In April 2011, a year after the designation of Xixian New District, the Xianyang municipal government established the Beiyuan City in northwest of Xianyang. According to the Development Strategy, Beiyuan City is considered as “the main battlefield of Xianyang’s development in the coming decades.” One year later, on August 16th 2012, Xi’an municipal government established Weibei Industrial District in northeastern Xi’an.
“Currently, the development trend is tripartite confrontation but not integration,” Zhang Baotong observed. “Xianyang and Xi’an are trying to development their own district but not the Xixian New District.”
Responses from Government Officials
Facing public queries on issues regarding administrative division, Fan Weibin admitted that because Xi’an and Xianyang governments both have independent financial and political authorities, it is difficult for the DRC and Administrative Committee to promote the integration process.
“Take intercity bus system as an example, DRC has convened several meetings with Shaanxi, Xi’an and Xianyang Department of Transportation, but failed to reach an agreement,” Fan Weibin admitted.
Some government officials have also expressed their interpretations of reasons for the slow pace of construction.
“You can’t expect the integration process and the construction of Xixian New District to have a substantial breakthrough in a few years,” Fan Weibin said. “It is a long-term development strategy. The construction of Binhai New District in Tianjin has taken more than ten years. ”
Zhu Fangang, an officer in the Industrial Policy and Regional Economic Branch of the Xianyang DRC, said that the integration process is proceeding in an orderly manner and the slow pace is not out of the ordinary.
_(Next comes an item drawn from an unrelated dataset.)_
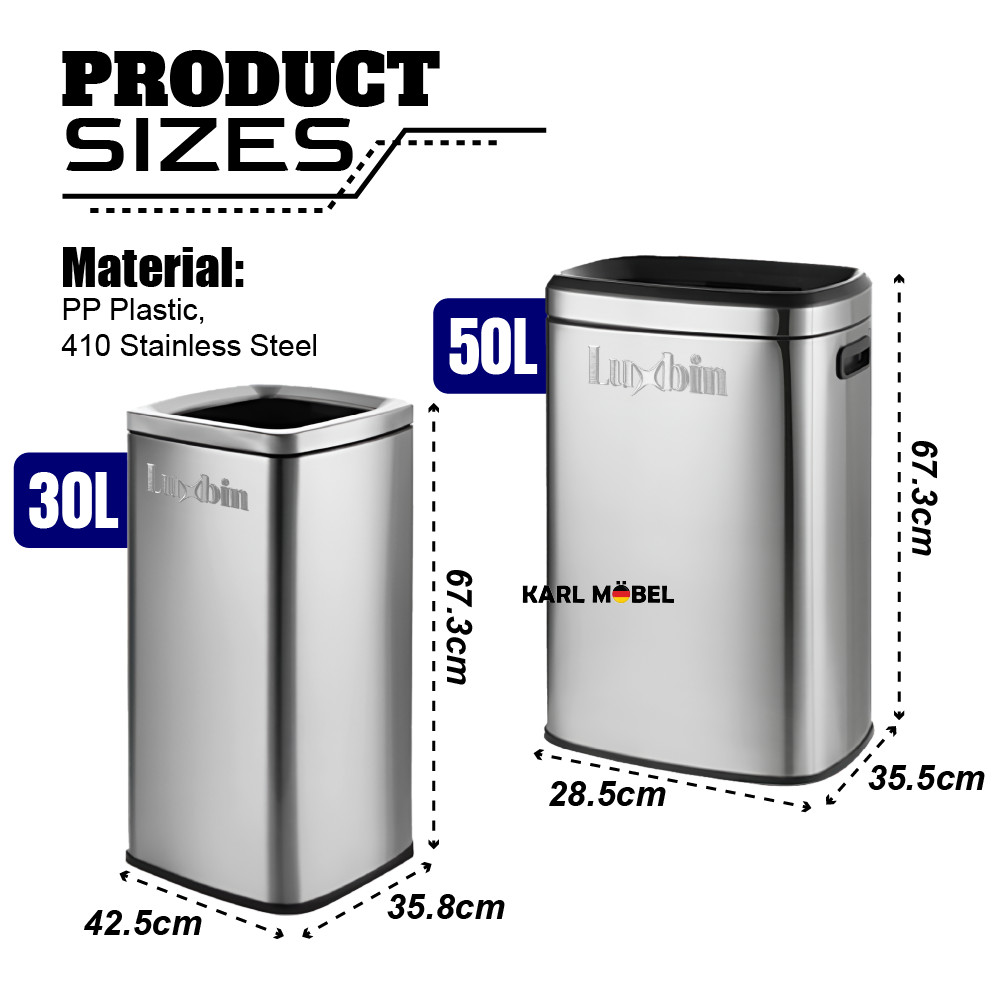 Luxbin™ Tong Sampah Moden Dustbin Stainless Steel Tong Sampah Dapur ...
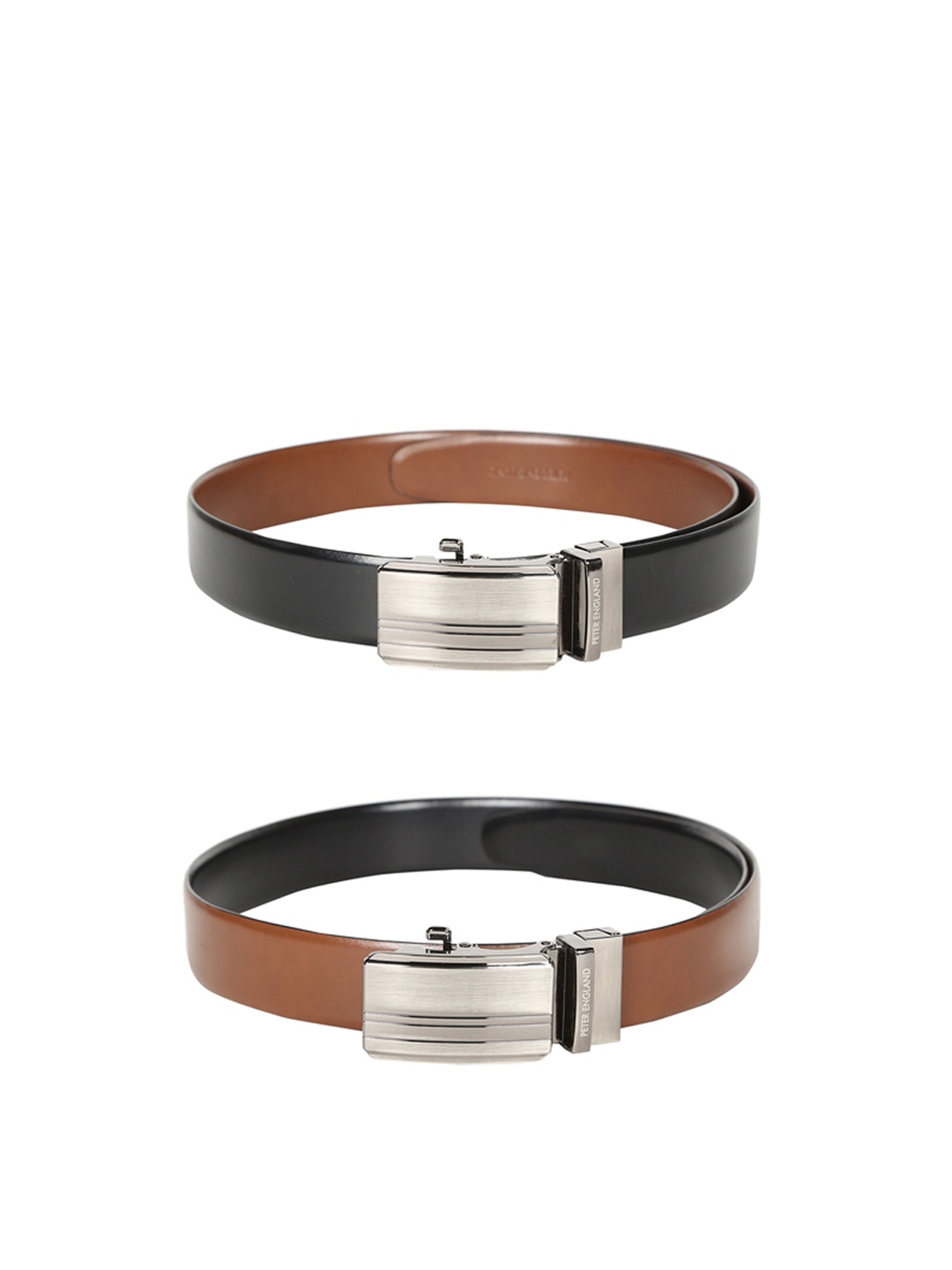

Peter England Men Brown & Black Reversible Leather Solid Belt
“The public views the integration pace as slow because the early works, such as unifying area codes, can present immediate results, while the results of current works on the construction of infrastructure are not obvious in the short-term.,” Zhu Fangang explained.
Jia Yuanhao, a Xianyang citizen who lives in the nearby Qin-Han City, expressed a similar opinion.
“Although there is not much business investment yet, the achievement of environmental management is visible. No one would believe that right here used to be a discarded, dirty and messy village,” Jia Yuanhao reflected.
Li Ziqing, the director of Shaanxi Construction Bureau, said that the lack of national support is another important factor that impedes the construction of Xixian New District.
According to Li Ziqing, since 2010, when Shaanxi provincial government first came up with the idea of Xixian New District, the mission was to make the district a national pilot region for comprehensive reforms. However, because the integration of Xi’an and Xianyang is a project of the local authorities and not in accordance with policies of the state in developing trans-provincial economic zones, Xixian New District was not recognized by the central government until January 2014.
“Now Xixian New District has become a national district like Binhai New District. It can enjoy the benefits of preferential policies. With the support of national and Shaanxi provincial government, Xixian New District has a good development prospect. ” Li Ziqing said.
Also, Fan Weibin said despite all the complications and setbacks, the construction of Xixian New District has achieved several of its goals.
“The GDP of Xixian New District in the first half of 2014 is 170.37 million RMB, attaining a year-to-year growth of 12.3%,” said Fan Weibin. “I have confidence that in the future, it will make more progress.”